El amor no diferencia por género, aunque históricamente ha habido una carga social afectiva hacia las mujeres. Eso explica que muchas hayan buscado nuevas formas de amar, como lo hicieron las escritoras Virginia Woolf o Anaïs Nin, que vivieron el amor libre y rompieron con la idea de la monogamia exclusiva. Emma Goldman, anarquista y feminista rusa, escribió en su ensayo Matrimonio y amor (1920): “Si hay algo en el mundo libre, es precisamente el amor”, detallando que el matrimonio no está ni cerca de ser un sinónimo de éste.
“El patriarcado se recicla”, dice Tenenbaum, y así como hoy el amor romántico presiona a las mujeres de formas muy distintas a las que sufrieron nuestras abuelas, el amor libre puede sentirse como una opresión. Ambos están sujetos a malos entendidos si no se cuestionan o si se entienden de forma dogmática. Como dice la cartilla Amor y violencia hacia las mujeres, de la Red Chilena Contra la Violencia Hacia las Mujeres: “En una sociedad como la nuestra, donde el amor es uno más de los mecanismos de opresión de las mujeres, queda todo por inventar”. Un camino posible, según Diamela Eltit, es entender el amor “en un sentido más concreto, como un encuentro con un otro-otra donde habita la simetría, pero también la asimetría. Una zona de imperfecciones mutuas que deben ser comprendidas por cada parte”, opina la autora de Sumar (2018).
“El amor es comunismo para dos. Pero el amor es tan difícil como el comunismo y puede terminar a menudo de una forma igual de trágica. Como la revolución, el amor verdadero es la creación de un nuevo mundo”, concluye Srecko Horvat en La radicalidad del amor. Su mensaje es fuerte y claro: podemos sentirnos prisioneros de herencias y contextos, podemos tener miedo de sufrir, pero hay que pelear con ese “economista interior” que nos habla en términos de ganancias y pérdidas en temas relacionados al amor.

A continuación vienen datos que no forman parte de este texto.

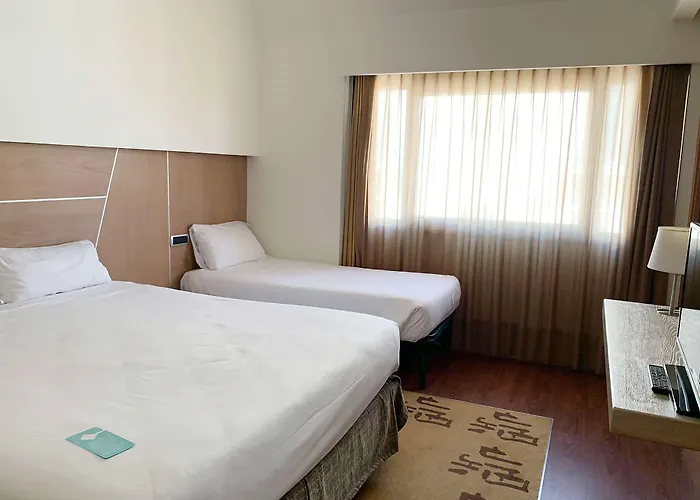 Hilton Garden Claridge Roma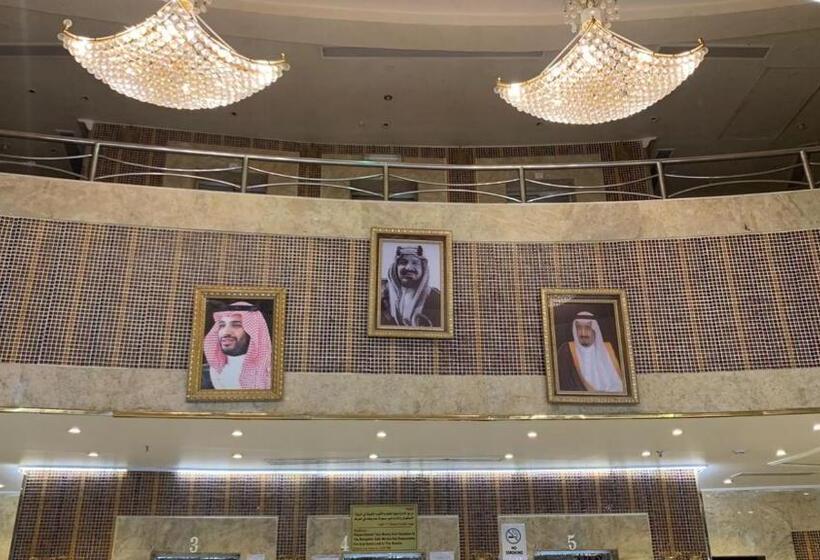 اتاق اکونومی, فندق رحاب المحبة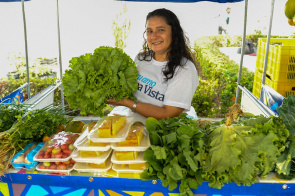 Convite - Prefeitura promove feira para comercialização da produção agrícola local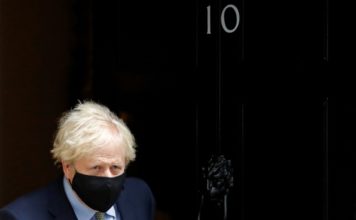 Johnson dice a UE que considera «acabadas» las negociaciones posbrexit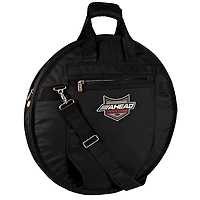 Ahead Armor Cases Deluxe Cymbal Case with Back Pack Straps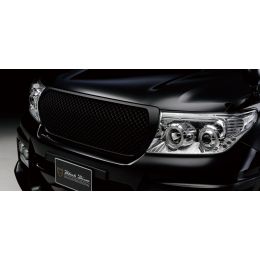 08-12 Toyota Land Cruiser 200 Аэродинамический обвес Wald Sports Line Black Bison Edition (Фото 7)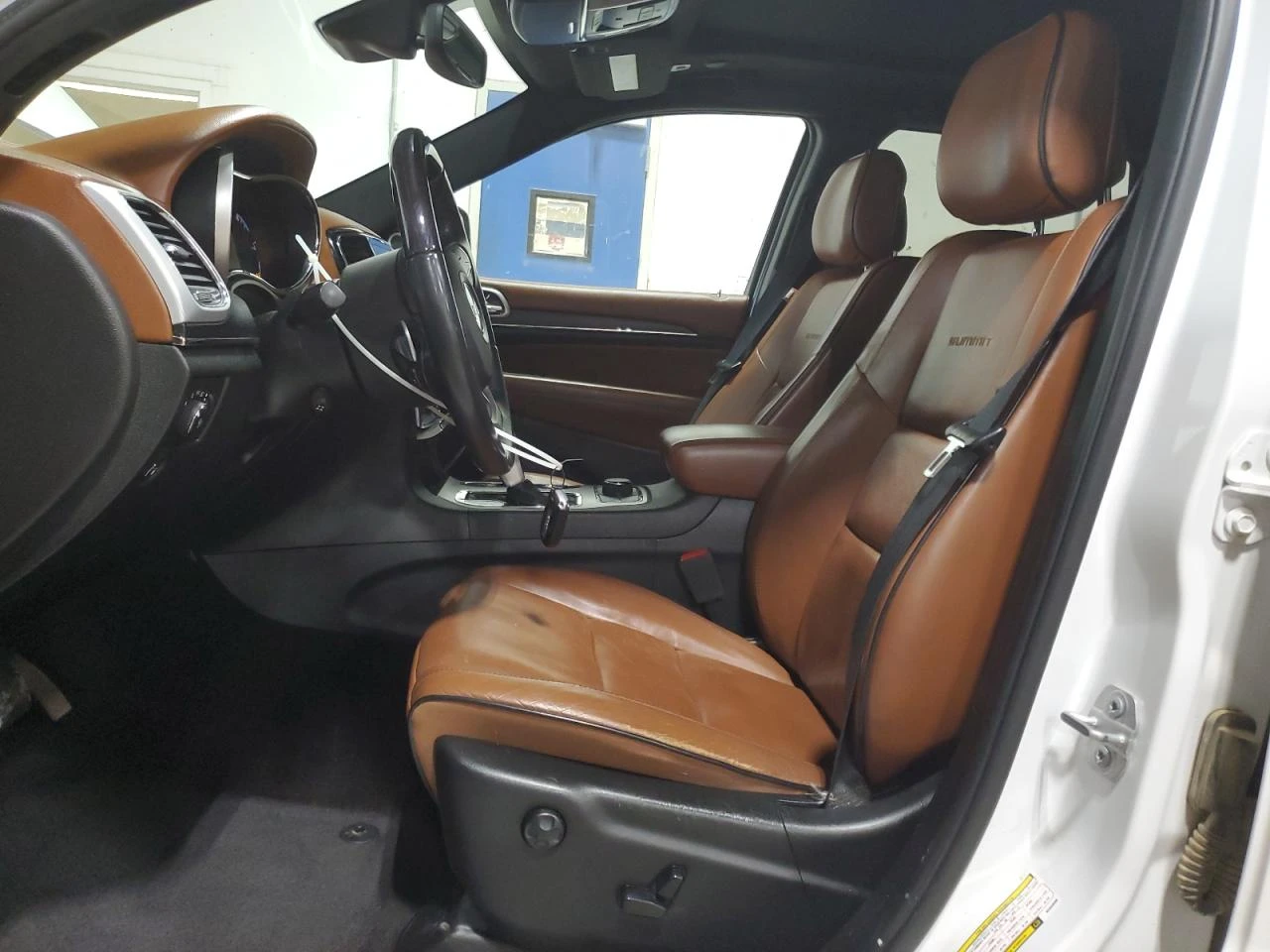 Jeep Grand cherokee SUMMIT - изображение 7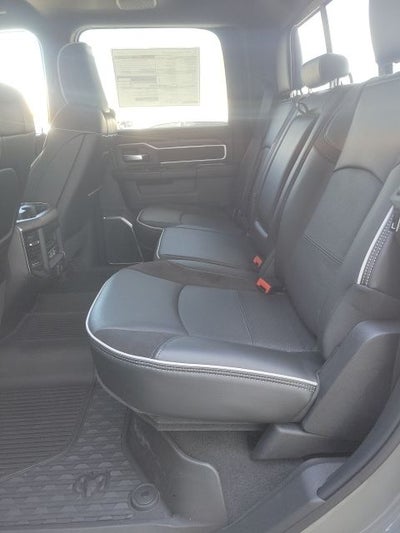 2026 RAM Ram 2500 2500 LAIE CREW CAB 4X4 6'4' BOX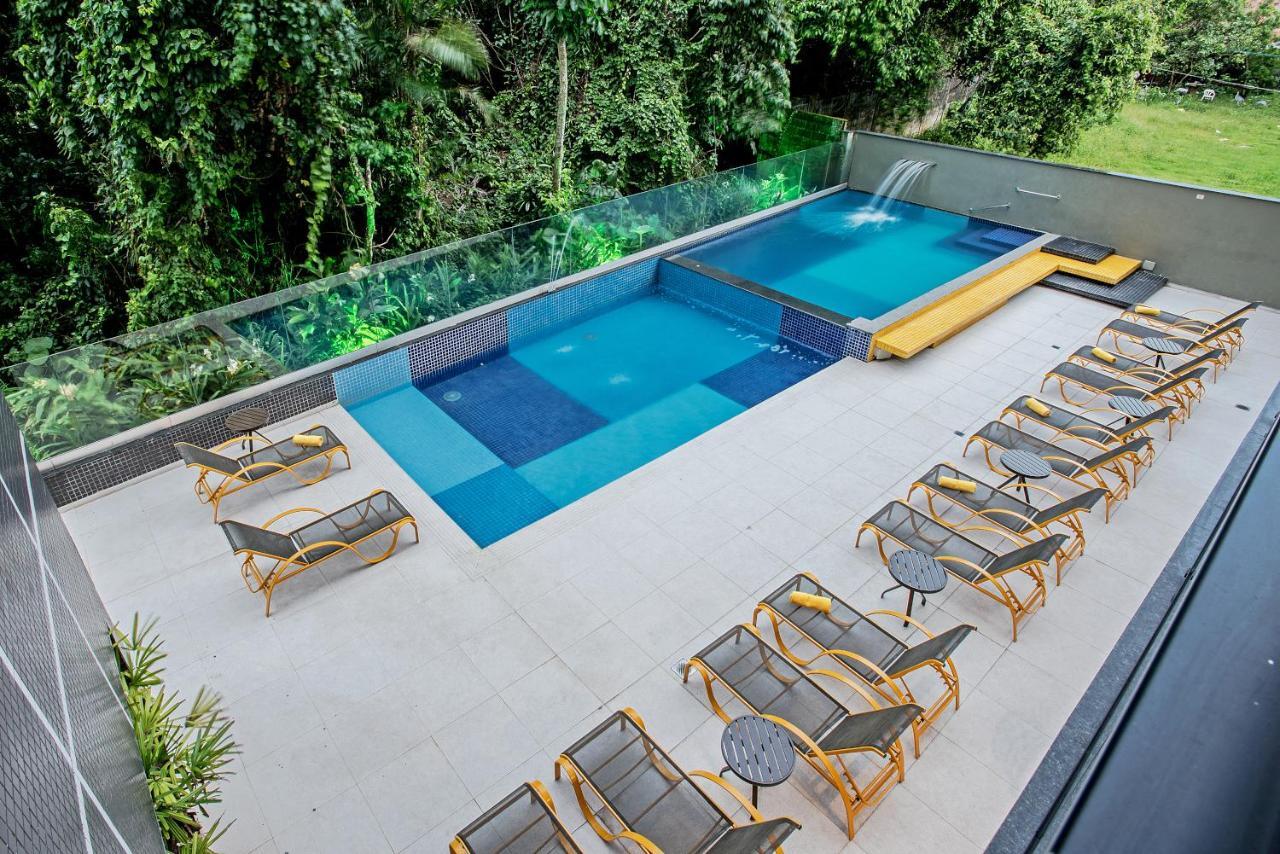 Guaruja Vivah Hotel Buitenkant foto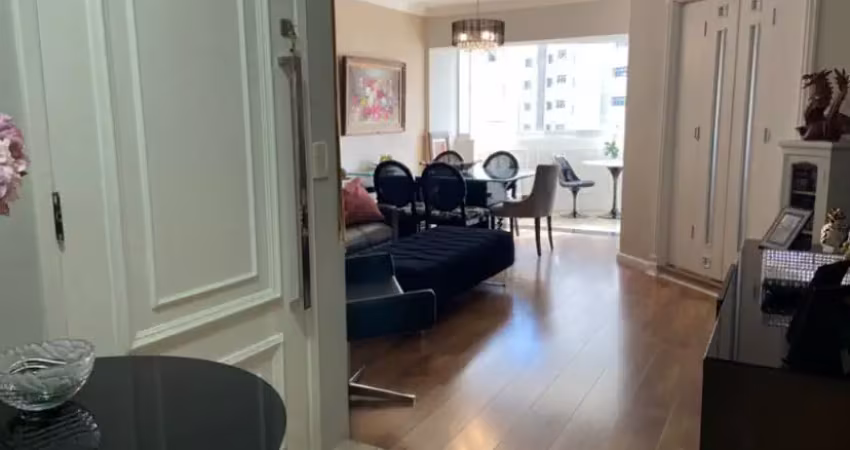 Apartamento alto padrão à venda no condomínio golden bird no bairro moema - sp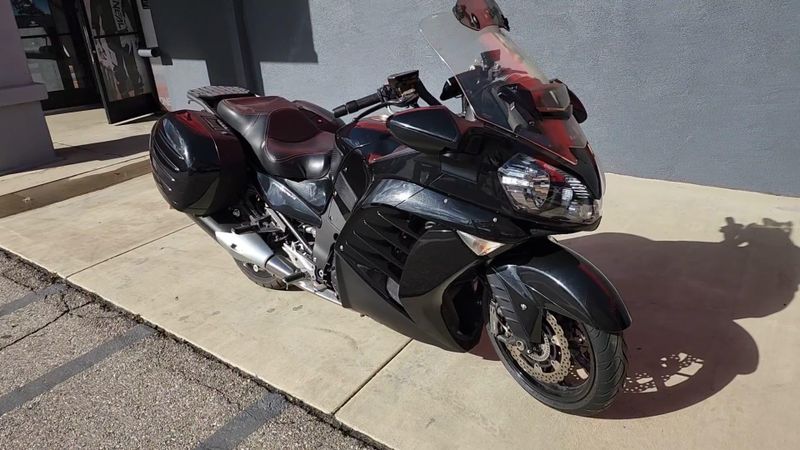 Used 2015 Kawasaki CONCOURS 14 ABS Image 6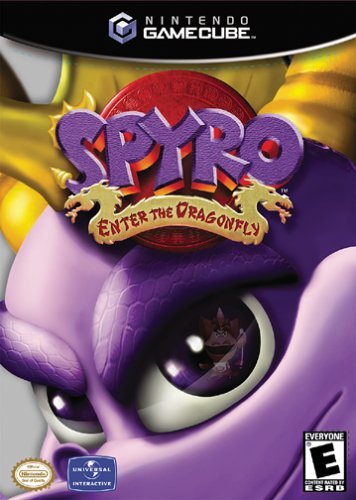 Spyro: Enter the Dragonfly (Renewed)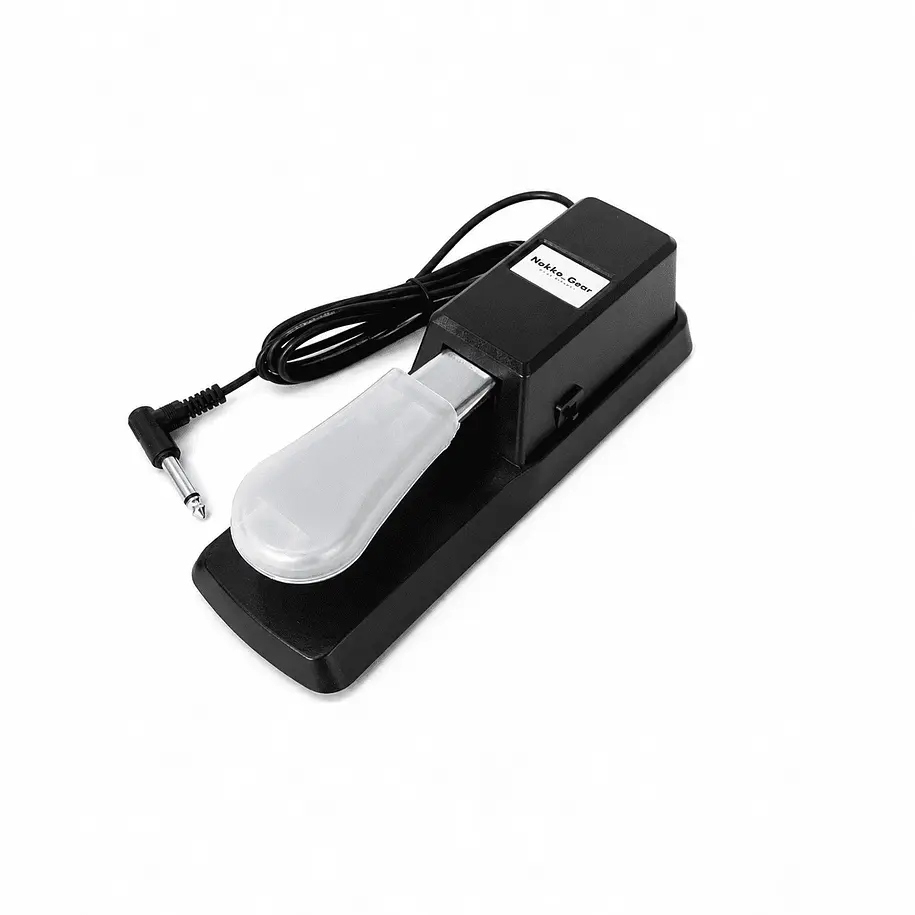Nokko Gear AMSP05L - Pedal de sustain 1
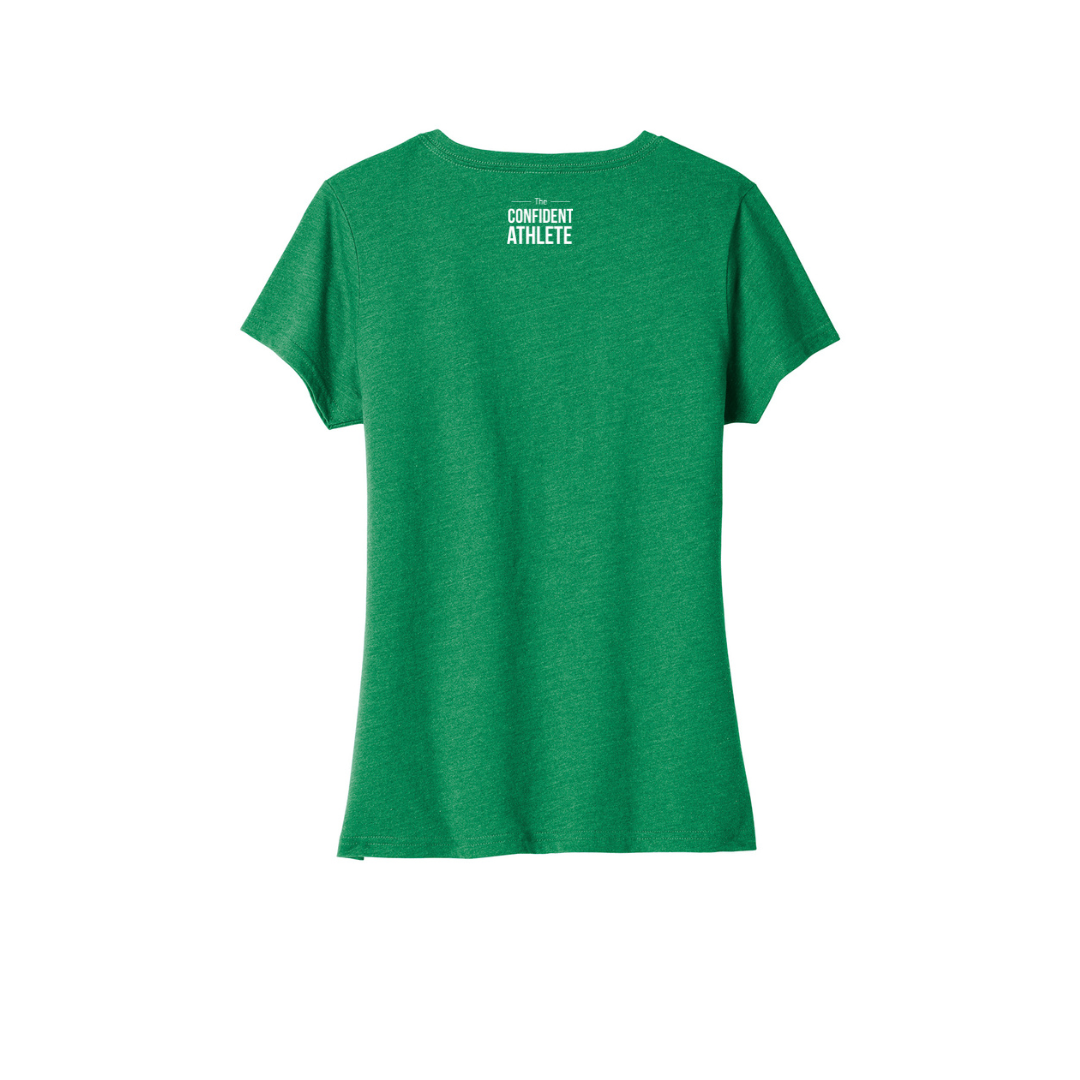 This Is Good Women's V Neck Tee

La deconstrucción, otro término bastante manoseado —y entendido como la intención de deshacer los roles y las nociones de género dominantes—, es una aspiración ambiciosa que no se consigue sólo leyendo libros, por más que ayude, según explica Constanza Michelson: “Deconstruirse es algo que de verdad nos pasa a veces frente a un acontecimiento, pero ese acontecimiento nos remueve todo, no es sin angustia de por medio. No es algo que se pueda hacer voluntariamente”. Como dice Tamara Tenenbaum en El fin del amor: “a veces olvidamos que la deconstrucción no es un camino que tiene un comienzo y un punto de llegada, sino una mirada sobre la vida que nunca termina”.
Los nuevos mandatos se pueden tomar como ideas, como la chispa que inicia un cuestionamiento, no como una respuesta definitiva a todos los problemas. Si el camino es largo, queda explorar y discutir desde los espacios íntimos y sociales. “Estas son reflexiones que deben darse en colectivo, no podemos cambiar la cultura individualmente”, sentencia Soledad Rojas, de la Red Chilena Contra la Violencia Hacia las Mujeres. Hay que convertir en debate todas las dudas e inquietudes posibles, porque en esas conversaciones pueden esconderse todas las revoluciones posibles.